A traditional gas solution is normally costed at £500/kW but an electricity solution is priced at double that – a high price to pay for a ‘more sustainable’ option.
However, Rapleys says that the cost is not the main challenge when it comes to decarbonising the nation’s real estate. According to the property consultancy – who acts on behalf of a range of local authorities who are already progressive and recognising the challenge and partnering with them on their needs – the complexities of the sites themselves are the core issue. The vast majority of public sector buildings are old, inefficient and some have heritage attributes that require more intensive and expensive solutions.
Rapleys’ sustainability and building services team is instructed on hundreds of public sector sites up and down the country and is working with local authorities to rectify the problem. Decarbonisation strategies, if done early enough, can build in the ancillary services and investment to ensure a smooth and successful roll out of infrastructure that will actually work, without the one-off equipment charges that don’t work in silo.
Lee Fraine, head of sustainability and building services at Rapleys, says: “Most decarbonisation equipment runs on electricity and requires supporting infrastructure. A good example is the air source heat pump which requires electrical power. So, say for a large commercial enterprise, like a school, not only do you need a large space to position the plant and equipment on which is not really feasible for a state-run primary school, but you need a big electrical source and for a large facility, this may equate to an entire power upgrade for the building, add this to multiple public properties then region’s power for public building’s would require significant upgrade.

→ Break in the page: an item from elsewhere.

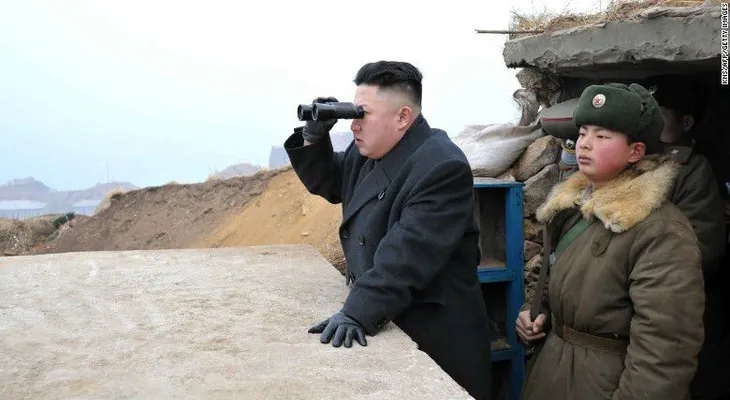 Corea del Norte lanza un misil al Mar de Japón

“The main takeaway is the need to evaluate and plan well in advance with an expert who can strategize the best way to approach the challenge. It’s certainly not a good idea to play the quick game and invest in off-the-shelf solutions to tick a box, when, in reality, significantly more infrastructure and a budget three times that spend might be needed to ensure the initial equipment works. Otherwise, you end up with a ‘whack-a-mole’ situation whereby you are spending on one thing and that pops up another problem and another that becomes a black hole of expenditure that no organisation can afford right now. Transparency, understanding and expert forward planning is key.”
Rapleys recently reorganised its business around four key services with building consultancy at its heart alongside commercial, planning and residential. Its sustainability and building services team is best in class in the industry and works across the UK to support private and public service organisations to implement the right strategies and solutions to help reach the country’s net zero targets and retain and add future value to assets.